We can now come back to the RP5. To talk with the Litefury through PCIe we are going to use the dma_ip_drivers from Xilinx. The problem is that these drivers are developed for x86 processors, so ARM processors, like the one in the RP5, are not supported, at least in principle. Fortunately, Laurence Barker discovered what makes them incompatible with ARM processors, and we can find in his Github repository a version of the drivers with some modifications that makes them compatible with ARM processors. The changes are very well documented in the readme file, so what I did was download the original drivers from the Xilinx repository, and apply just the first change. Then I installed the drivers following the Xilinx repository instructions and all went fine.
To test the drivers we can execute the script run_test.sh
, but it didn’t work for me, neither on the x86 processor I used here, so I executed directly the test using this command.
pablo@raspberrypi:~ $ ./dma_ip_drivers/XDMA/linux-kernel/tests$ sudo bash ./dma_memory_mapped_test.sh xdma0 1024 1 1 1
The test finished well, so I assume that the drivers are installed correctly and indeed, when I list the devices, all the xdma0 devices are shown.

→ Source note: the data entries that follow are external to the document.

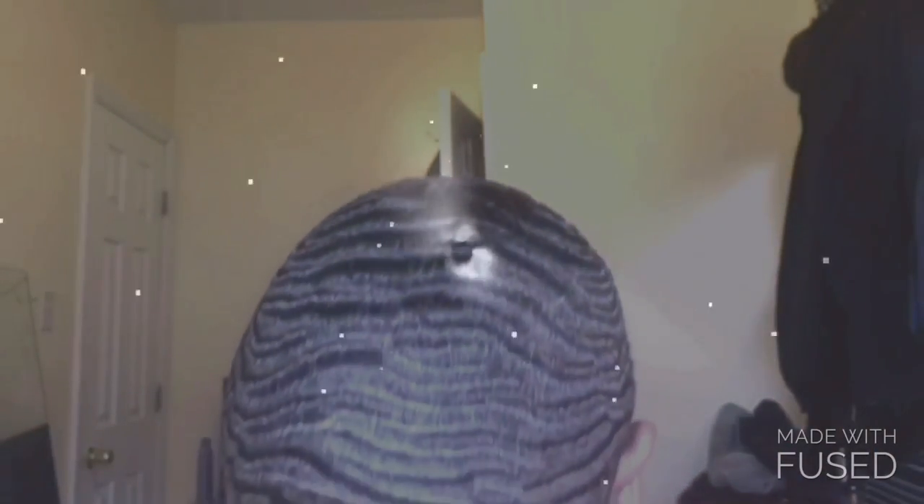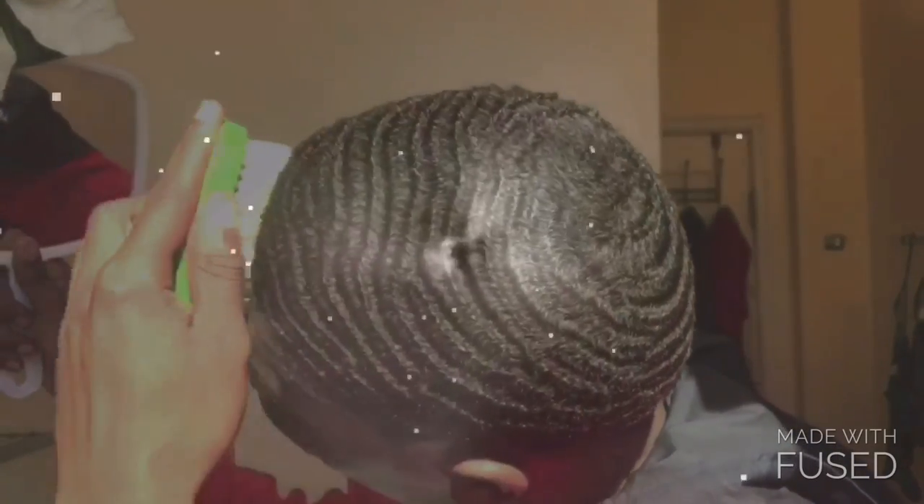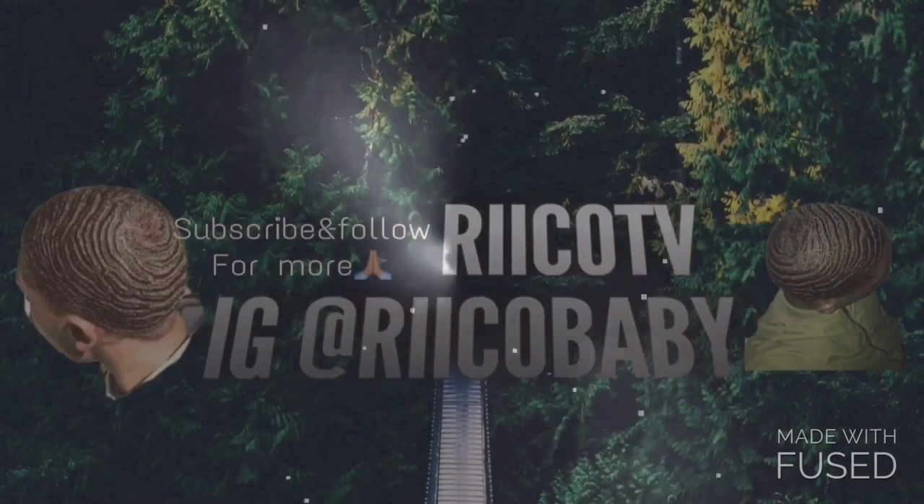What's good YouTube, it's your boy RicoTV. In this video I'm gonna talk about the plastic bag method and how it can really help you if you're a beginner or if you're having problems just laying your hair down.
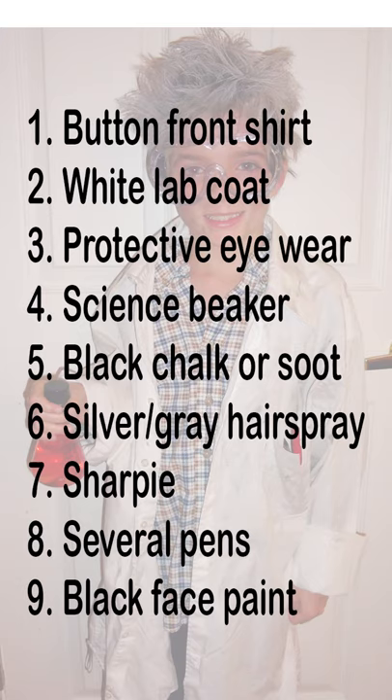The supplies needed to complete the costume: a long-sleeved button front shirt, a white lab coat or an adult size large white shirt, protective eyewear, a syringe filled with candy, black chalk or soot from a fireplace.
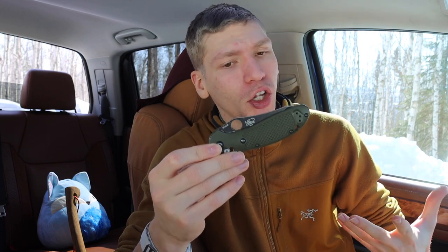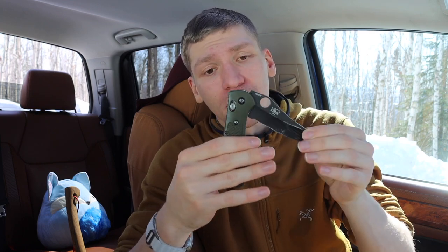The Benchmade Griptilian was my first real blade and it's a solid choice for someone getting into knives who wants something better than a random gas station knife. The axis lock is very beginner-friendly because you do not put any of your fingers in front of the blade's path when closing. It's also a tough lock, so it can handle a little tomfoolery like striking ferro rods or being more abrasive with your knife.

pablo@raspberrypi:~ $ ls /dev
autofs gpiochip4 mapper ram12 stdin tty25 tty44 tty63 vcsa2 video24 xdma0_events_11
block gpiomem0 media0 ram13 stdout tty26 tty45 tty7 vcsa3 video25 xdma0_events_12
btrfs-control gpiomem1 media1 ram14 tty tty27 tty46 tty8 vcsa4 video26 xdma0_events_13
bus gpiomem2 media2 ram15 tty0 tty28 tty47 tty9 vcsa5 video27 xdma0_events_14
cachefiles gpiomem3 mem ram2 tty1 tty29 tty48 ttyAMA10 vcsa6 video28 xdma0_events_15
cec0 gpiomem4 mmcblk0 ram3 tty10 tty3 tty49 ttyprintk vcsu video29 xdma0_events_2
cec1 hwrng mmcblk0p1 ram4 tty11 tty30 tty5 uhid vcsu1 video30 xdma0_events_3
char initctl mmcblk0p2 ram5 tty12 tty31 tty50 uinput vcsu2 video31 xdma0_events_4
console input mqueue ram6 tty13 tty32 tty51 urandom vcsu3 video32 xdma0_events_5
cpu_dma_latency kmsg net ram7 tty14 tty33 tty52 v4l vcsu4 video33 xdma0_events_6
cuse kvm null ram8 tty15 tty34 tty53 vc-mem vcsu5 video34 xdma0_events_7
disk log port ram9 tty16 tty35 tty54 vcio vcsu6 video35 xdma0_events_8
dma_heap loop-control ppp random tty17 tty36 tty55 vcs vga_arbiter video36 xdma0_events_9
dri loop0 pps0 rfkill tty18 tty37 tty56 vcs1 vhci video37 xdma0_h2c_0
fd loop1 ptmx rtc tty19 tty38 tty57 vcs2 vhost-net watchdog xdma0_user
full loop2 ptp0 rtc0 tty2 tty39 tty58 vcs3 vhost-vsock watchdog0 xdma0_xvc
fuse loop3 pts serial0 tty20 tty4 tty59 vcs4 video19 xdma0_c2h_0 zero
gpiochip0 loop4 ram0 shm tty21 tty40 tty6 vcs5 video20 xdma0_control
gpiochip1 loop5 ram1 snd tty22 tty41 tty60 vcs6 video21 xdma0_events_0
gpiochip2 loop6 ram10 spidev10.0 tty23 tty42 tty61 vcsa video22 xdma0_events_1
gpiochip3 loop7 ram11 stderr tty24 tty43 tty62 vcsa1 video23 xdma0_events_10
Now, it is time to mix the RP5 and the Litefure and see what happens. When I turned on the system for the first time, I listed the PCI devices and a processing accelerator appeared. At this point, I didn’t load my design into the FPGA, so what we are seeing is the example design that comes in the QSPI memory of the Litefury.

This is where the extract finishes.